Source data:
== Segment start ==

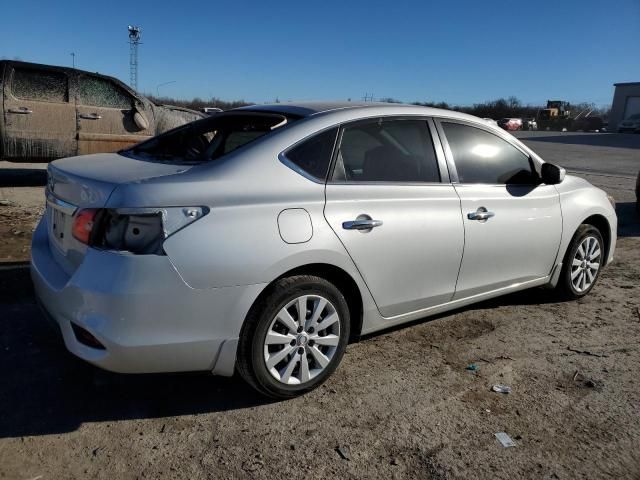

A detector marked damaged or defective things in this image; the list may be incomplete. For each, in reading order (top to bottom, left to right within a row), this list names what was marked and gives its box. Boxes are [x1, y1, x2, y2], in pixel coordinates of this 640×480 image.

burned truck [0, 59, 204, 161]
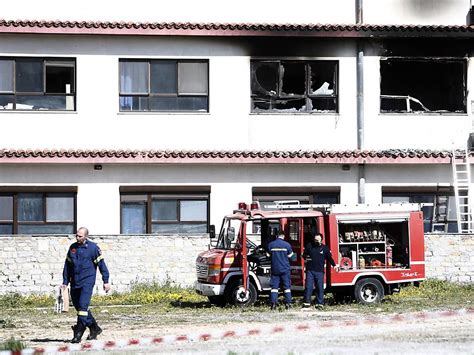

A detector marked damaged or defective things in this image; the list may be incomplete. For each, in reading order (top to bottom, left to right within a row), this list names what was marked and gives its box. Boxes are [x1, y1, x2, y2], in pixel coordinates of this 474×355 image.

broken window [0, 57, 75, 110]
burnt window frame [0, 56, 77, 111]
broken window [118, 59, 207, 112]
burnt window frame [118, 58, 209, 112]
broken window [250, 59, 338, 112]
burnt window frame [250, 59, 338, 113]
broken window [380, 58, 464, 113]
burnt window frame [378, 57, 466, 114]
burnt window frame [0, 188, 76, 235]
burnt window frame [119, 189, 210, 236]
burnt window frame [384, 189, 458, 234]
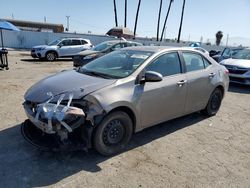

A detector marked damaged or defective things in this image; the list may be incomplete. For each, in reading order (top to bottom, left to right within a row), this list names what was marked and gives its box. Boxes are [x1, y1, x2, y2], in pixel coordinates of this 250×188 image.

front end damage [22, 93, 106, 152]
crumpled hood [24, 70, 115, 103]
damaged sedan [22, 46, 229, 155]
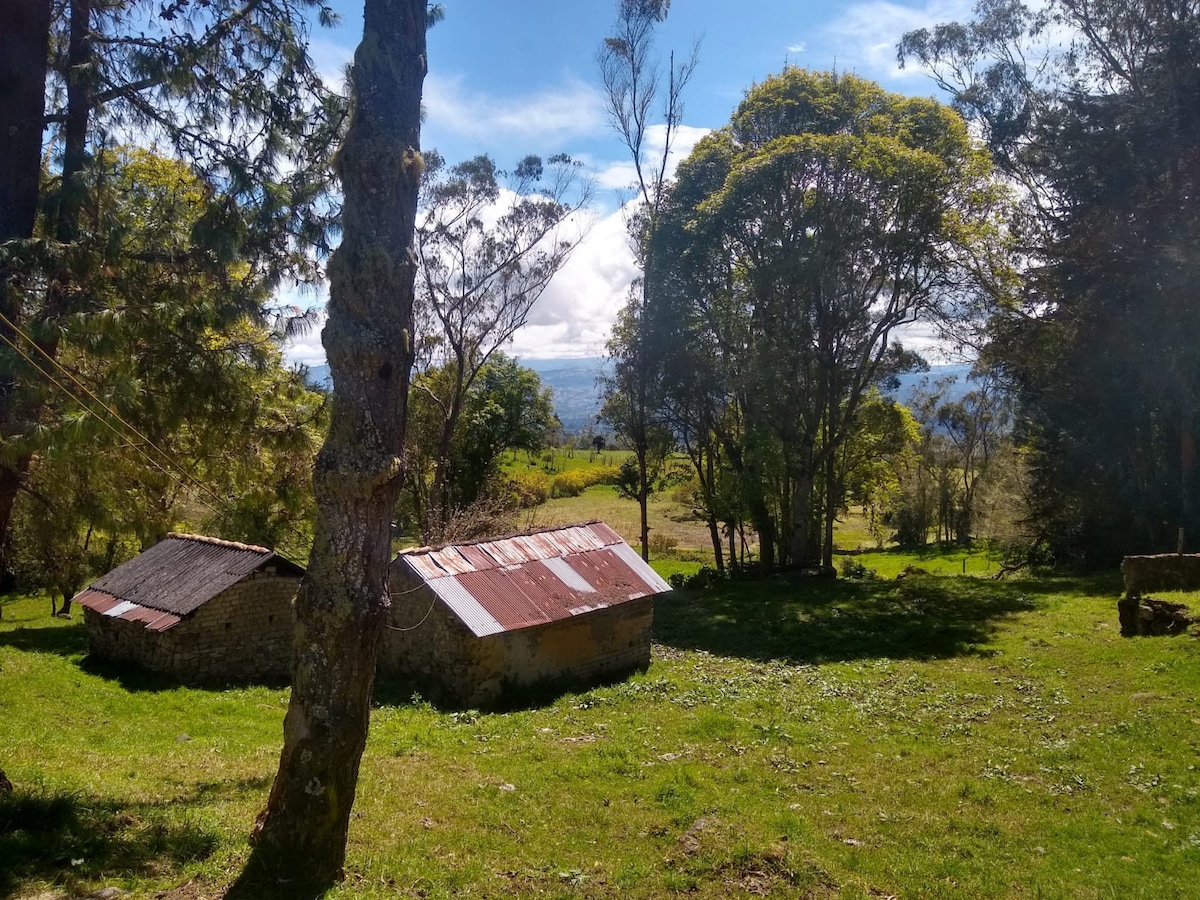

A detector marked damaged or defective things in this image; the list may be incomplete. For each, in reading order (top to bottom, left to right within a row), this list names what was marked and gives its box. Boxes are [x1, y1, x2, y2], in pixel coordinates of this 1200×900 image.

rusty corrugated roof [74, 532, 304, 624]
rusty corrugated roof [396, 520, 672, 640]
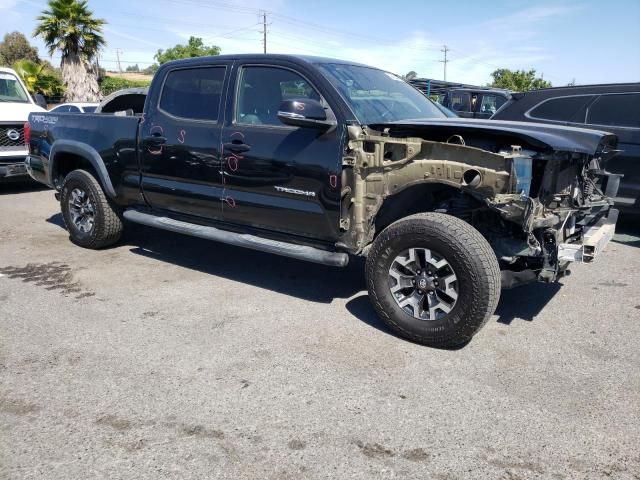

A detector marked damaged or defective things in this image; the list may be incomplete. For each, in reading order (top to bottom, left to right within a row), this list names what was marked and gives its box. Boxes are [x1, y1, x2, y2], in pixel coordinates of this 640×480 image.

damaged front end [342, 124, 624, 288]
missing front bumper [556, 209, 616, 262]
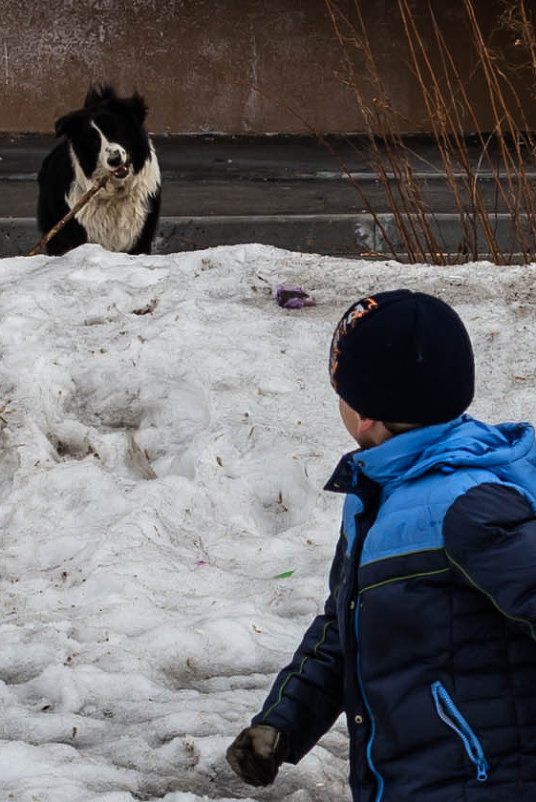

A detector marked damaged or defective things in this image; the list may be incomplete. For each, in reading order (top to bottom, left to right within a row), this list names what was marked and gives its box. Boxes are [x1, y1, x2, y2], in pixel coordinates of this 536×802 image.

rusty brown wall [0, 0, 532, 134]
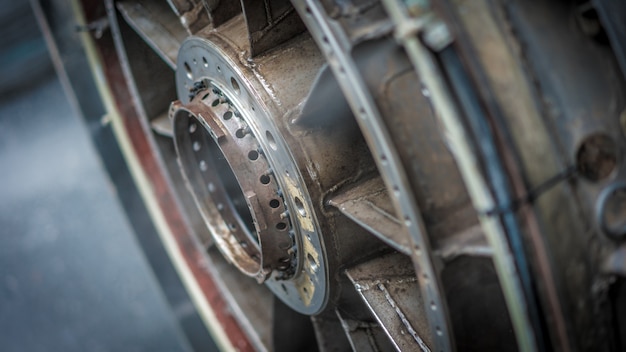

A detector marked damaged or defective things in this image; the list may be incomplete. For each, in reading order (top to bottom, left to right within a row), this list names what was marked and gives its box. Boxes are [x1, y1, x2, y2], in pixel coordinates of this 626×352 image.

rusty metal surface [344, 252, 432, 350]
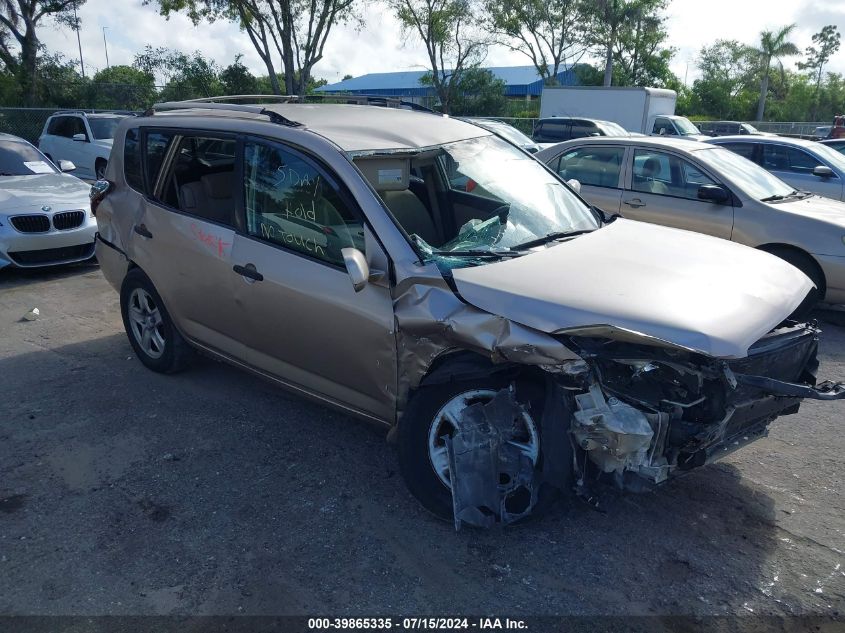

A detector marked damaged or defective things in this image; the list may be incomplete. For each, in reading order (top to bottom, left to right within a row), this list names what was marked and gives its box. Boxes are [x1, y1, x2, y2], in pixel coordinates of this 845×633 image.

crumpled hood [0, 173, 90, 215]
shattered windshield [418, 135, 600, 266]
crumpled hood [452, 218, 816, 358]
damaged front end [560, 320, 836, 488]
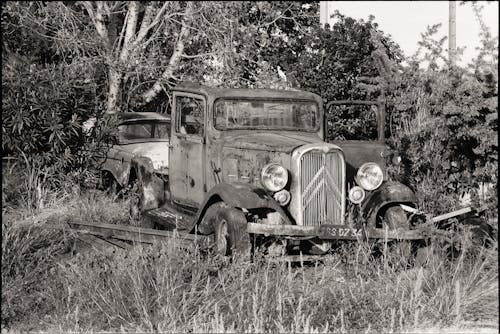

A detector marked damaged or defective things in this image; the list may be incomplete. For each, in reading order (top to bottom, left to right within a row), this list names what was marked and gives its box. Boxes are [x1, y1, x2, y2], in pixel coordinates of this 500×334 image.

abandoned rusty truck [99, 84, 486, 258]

== Segment end ==

#### [PROBLEM]
Each entry above is to be duplicated exactly, and its pictures omitted.

#### [RESPONSE AREA]
A detector marked damaged or defective things in this image; the list may be incomplete. For each, in reading order (top to bottom, left to right within a row), this list names what was marked and gives its box. Boxes are [x1, y1, x2, y2], in pixel coordinates of this 640×480 image.

burned truck [0, 59, 204, 161]

A detector marked damaged or defective things in this image; the list may be incomplete. For each, in reading order (top to bottom, left to right within a row), this list names what was marked and gives its box. Boxes are [x1, y1, x2, y2], in pixel coordinates of this 474×355 image.

broken window [0, 57, 75, 110]
burnt window frame [0, 56, 77, 111]
broken window [118, 59, 207, 112]
burnt window frame [118, 58, 209, 112]
broken window [250, 59, 338, 112]
burnt window frame [250, 59, 338, 113]
broken window [380, 58, 464, 113]
burnt window frame [378, 57, 466, 114]
burnt window frame [0, 188, 76, 235]
burnt window frame [119, 189, 210, 236]
burnt window frame [384, 189, 458, 234]

A detector marked damaged or defective things in this image; the list may be incomplete. For each, in reading order (top to bottom, left to right within a row), this list names what was marked and gives its box. Boxes are [x1, y1, x2, y2], in pixel coordinates of this 250×188 image.

front end damage [22, 93, 106, 152]
crumpled hood [24, 70, 115, 103]
damaged sedan [22, 46, 229, 155]

A detector marked damaged or defective things in this image; the list may be incomplete. For each, in reading order (top to bottom, left to right within a row), this list names what was marked and gives its box. Boxes are [x1, y1, x2, y2], in pixel coordinates of this 1200×900 image.

rusty corrugated roof [74, 532, 304, 624]
rusty corrugated roof [396, 520, 672, 640]

A detector marked damaged or defective things in this image; the list may be incomplete. For each, in reading order (top to bottom, left to right within a row), this list names what was marked and gives its box. Boxes are [x1, y1, x2, y2], in pixel coordinates of this 640×480 image.

damaged front end [342, 124, 624, 288]
missing front bumper [556, 209, 616, 262]

A detector marked damaged or defective things in this image; the list may be incomplete. For each, in reading order (top to bottom, left to right within a row), this list names what was marked and gives its box. Boxes are [x1, y1, x2, y2], in pixel coordinates of this 536×802 image.

rusty brown wall [0, 0, 532, 134]

A detector marked damaged or defective things in this image; the list may be incomplete. For each, in reading order (top to bottom, left to right within a row), this list names what was marked and gives its box. Boxes are [x1, y1, x2, y2], in pixel coordinates of this 626×352 image.

rusty metal surface [344, 252, 432, 350]

A detector marked damaged or defective things in this image; the list may be incomplete. For each, in reading order (top to bottom, left to right within a row), this list names what was marked and gives its box. Boxes are [x1, y1, x2, y2], in pixel coordinates of this 845×633 image.

crumpled hood [0, 173, 90, 215]
shattered windshield [418, 135, 600, 266]
crumpled hood [452, 218, 816, 358]
damaged front end [560, 320, 836, 488]

A detector marked damaged or defective things in this image; the list may be incomplete. For each, in reading order (top to bottom, left to right within a row), this list names what was marked and gives its box. Boxes are [x1, y1, x2, y2], in pixel coordinates of this 500×334 image.

abandoned rusty truck [99, 84, 486, 258]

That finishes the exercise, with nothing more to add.